Table 2. Meta-Analyses of Studies on CA-125 and the Combination of HE4 and CA-125 for

Diagnosing Ovarian Cancer

CA-125

Wang et al (2014) No. of Studies 28; Sensitivity (95% CI) 0.79 (0.74 to 0.84); Specificity (95% CI) 0.82 (0.77 to 0.87)

Zhen et al (2014) No. of Studies 25; Sensitivity (95% CI) 0.74 (0.72 to 0.76); Specificity (95% CI) 0.83 (0.81 to 0.84)

Ferraro et al (2013) No. of Studies 13; Sensitivity (95%CI) 0.79 (0.77 to 0.82); Specificity (95% CI) 0.78 (0.76 to 0.80)

Yu et al (2012) No. of Studies 10; Sensitivity (95% CI) 0.66 (0.62 to 0.70); Specificity (95% CI) 0.87 (0.85 to 0.89)

HE4 and CA-125

Zhen et al (2014) No. of Studies 9; Sensitivity (95% CI) 0.90 (0.87 to 0.92); Specificity (95% CI) 0.85 (0.82 to 0.87)

Ferraro et al (2013) No. of Studies 4; Sensitivity (95% CI) 0.82 (0.78 to 0.86); Specificity (95% CI) 0.76 (0.72 to 0.80)

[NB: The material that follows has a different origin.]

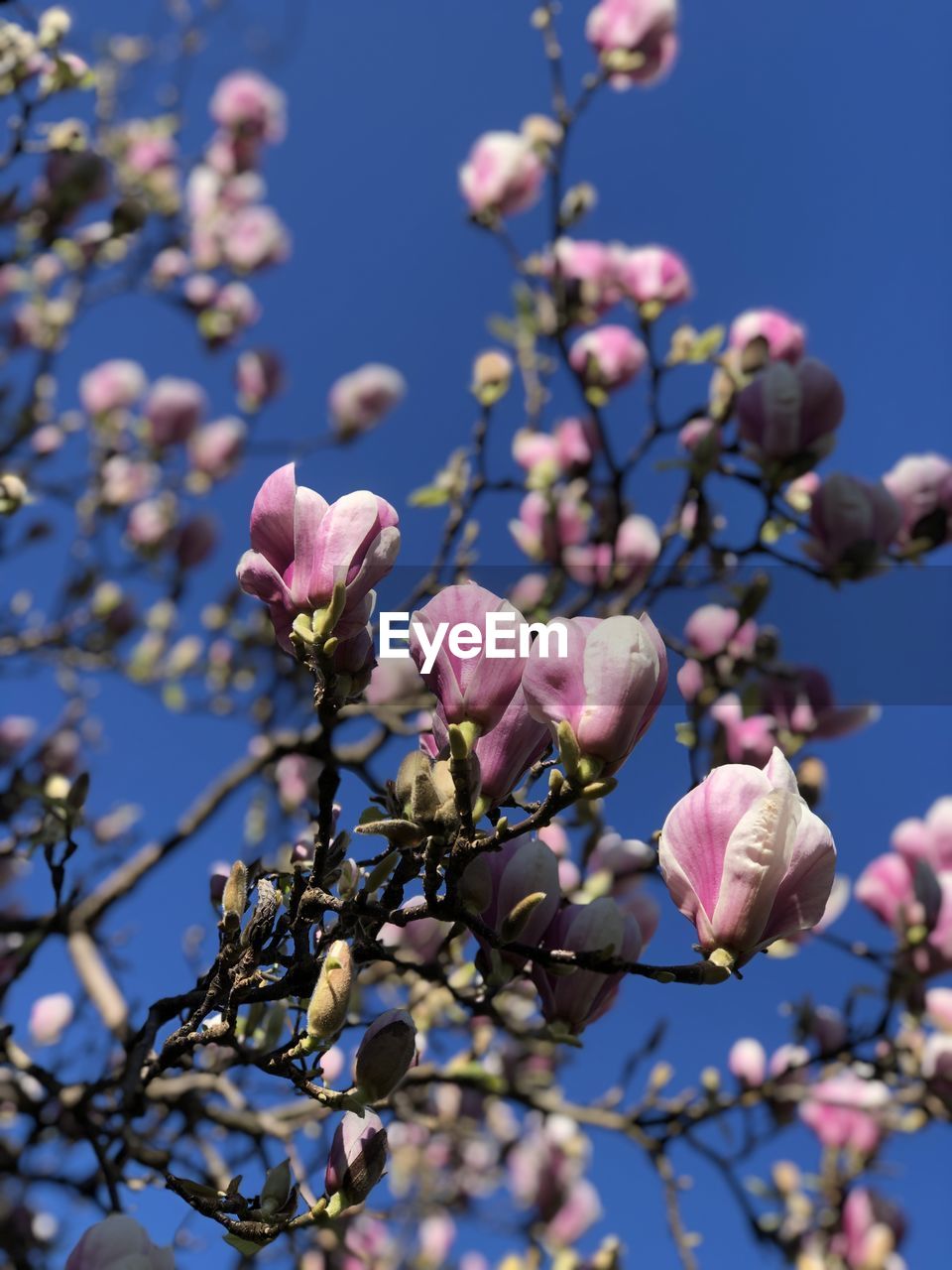 plant, flower, flowering plant, freshness, tree, beauty in nature, blossom, growth, fragility, branch, springtime, nature, spring, pink, close-up, no people, focus on foreground, sky, blue, low angle view, day, petal, outdoors, inflorescence, flower head, botany, twig, clear sky, bud, selective focus, produce, fruit tree, food, food and drink, agriculture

In all of the meta-analyses included in Table 2, the overall diagnostic performance (considering both sensitivity and specificity) of HE4 did not differ significantly from the performance of CA-125 for diagnosing ovarian cancer. However, both (Wang 2014;and Zhen, 2014) found that the specificity (but not sensitivity) of HE4 was significantly higher than CA-125.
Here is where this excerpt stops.